**GIVEN INFORMATION**
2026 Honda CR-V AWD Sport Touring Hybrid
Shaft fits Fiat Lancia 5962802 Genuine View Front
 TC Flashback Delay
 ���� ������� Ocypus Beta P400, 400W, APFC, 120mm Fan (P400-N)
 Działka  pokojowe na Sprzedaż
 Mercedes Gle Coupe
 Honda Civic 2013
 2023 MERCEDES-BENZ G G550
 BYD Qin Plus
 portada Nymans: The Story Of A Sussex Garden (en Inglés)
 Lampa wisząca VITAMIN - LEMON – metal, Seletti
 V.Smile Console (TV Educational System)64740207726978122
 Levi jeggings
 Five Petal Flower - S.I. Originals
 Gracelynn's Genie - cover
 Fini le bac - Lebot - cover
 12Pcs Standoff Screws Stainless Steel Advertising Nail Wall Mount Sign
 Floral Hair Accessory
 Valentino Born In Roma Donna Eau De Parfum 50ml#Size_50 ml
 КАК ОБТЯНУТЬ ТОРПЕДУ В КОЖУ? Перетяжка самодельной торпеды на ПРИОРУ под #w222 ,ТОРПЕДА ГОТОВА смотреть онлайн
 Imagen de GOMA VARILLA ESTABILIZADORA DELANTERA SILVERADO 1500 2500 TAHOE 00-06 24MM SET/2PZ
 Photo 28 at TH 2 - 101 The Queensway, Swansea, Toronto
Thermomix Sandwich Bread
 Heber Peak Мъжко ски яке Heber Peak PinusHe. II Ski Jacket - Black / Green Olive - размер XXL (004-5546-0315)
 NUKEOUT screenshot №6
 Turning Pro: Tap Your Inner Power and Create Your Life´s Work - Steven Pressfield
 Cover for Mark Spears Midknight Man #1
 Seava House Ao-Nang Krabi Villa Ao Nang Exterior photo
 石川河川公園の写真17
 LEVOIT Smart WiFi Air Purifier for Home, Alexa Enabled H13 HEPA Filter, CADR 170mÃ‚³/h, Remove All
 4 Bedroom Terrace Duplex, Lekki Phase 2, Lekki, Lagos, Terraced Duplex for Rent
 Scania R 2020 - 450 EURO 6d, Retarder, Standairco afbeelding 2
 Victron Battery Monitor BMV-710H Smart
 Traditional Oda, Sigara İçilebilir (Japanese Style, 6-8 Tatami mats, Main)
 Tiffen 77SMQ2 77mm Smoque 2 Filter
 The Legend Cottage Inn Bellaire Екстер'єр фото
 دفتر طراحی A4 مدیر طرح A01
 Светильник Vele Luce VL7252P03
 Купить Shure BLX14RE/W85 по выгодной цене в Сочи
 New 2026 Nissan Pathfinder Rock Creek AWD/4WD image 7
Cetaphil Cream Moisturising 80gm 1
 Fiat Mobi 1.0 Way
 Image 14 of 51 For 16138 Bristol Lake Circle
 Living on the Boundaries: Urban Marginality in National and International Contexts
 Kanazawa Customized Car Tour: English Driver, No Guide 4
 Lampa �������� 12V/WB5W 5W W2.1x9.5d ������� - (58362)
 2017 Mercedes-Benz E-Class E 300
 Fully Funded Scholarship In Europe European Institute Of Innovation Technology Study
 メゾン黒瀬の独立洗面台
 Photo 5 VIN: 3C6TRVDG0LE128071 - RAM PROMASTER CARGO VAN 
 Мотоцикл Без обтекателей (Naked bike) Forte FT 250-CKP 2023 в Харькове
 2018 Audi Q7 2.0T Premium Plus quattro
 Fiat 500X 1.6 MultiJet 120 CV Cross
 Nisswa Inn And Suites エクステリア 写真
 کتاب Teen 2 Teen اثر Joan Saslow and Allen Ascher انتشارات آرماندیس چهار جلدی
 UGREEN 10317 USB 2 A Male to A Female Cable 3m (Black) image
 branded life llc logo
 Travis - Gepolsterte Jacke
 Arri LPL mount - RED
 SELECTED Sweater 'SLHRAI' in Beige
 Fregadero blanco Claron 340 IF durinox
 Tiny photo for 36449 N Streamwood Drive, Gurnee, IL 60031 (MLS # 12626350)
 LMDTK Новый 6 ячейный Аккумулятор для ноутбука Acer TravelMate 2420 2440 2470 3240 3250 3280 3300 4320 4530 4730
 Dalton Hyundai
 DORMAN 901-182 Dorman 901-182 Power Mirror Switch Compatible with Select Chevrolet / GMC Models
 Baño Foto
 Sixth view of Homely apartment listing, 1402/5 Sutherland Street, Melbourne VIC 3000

**WHAT YOU SHOULD DO**
What is wanted is every line from the first line of the entries through the line that contains "BYD Qin Plus", given again exactly.

**THE ANSWER**
2026 Honda CR-V AWD Sport Touring Hybrid
Shaft fits Fiat Lancia 5962802 Genuine View Front
 TC Flashback Delay
 ���� ������� Ocypus Beta P400, 400W, APFC, 120mm Fan (P400-N)
 Działka  pokojowe na Sprzedaż
 Mercedes Gle Coupe
 Honda Civic 2013
 2023 MERCEDES-BENZ G G550
 BYD Qin Plus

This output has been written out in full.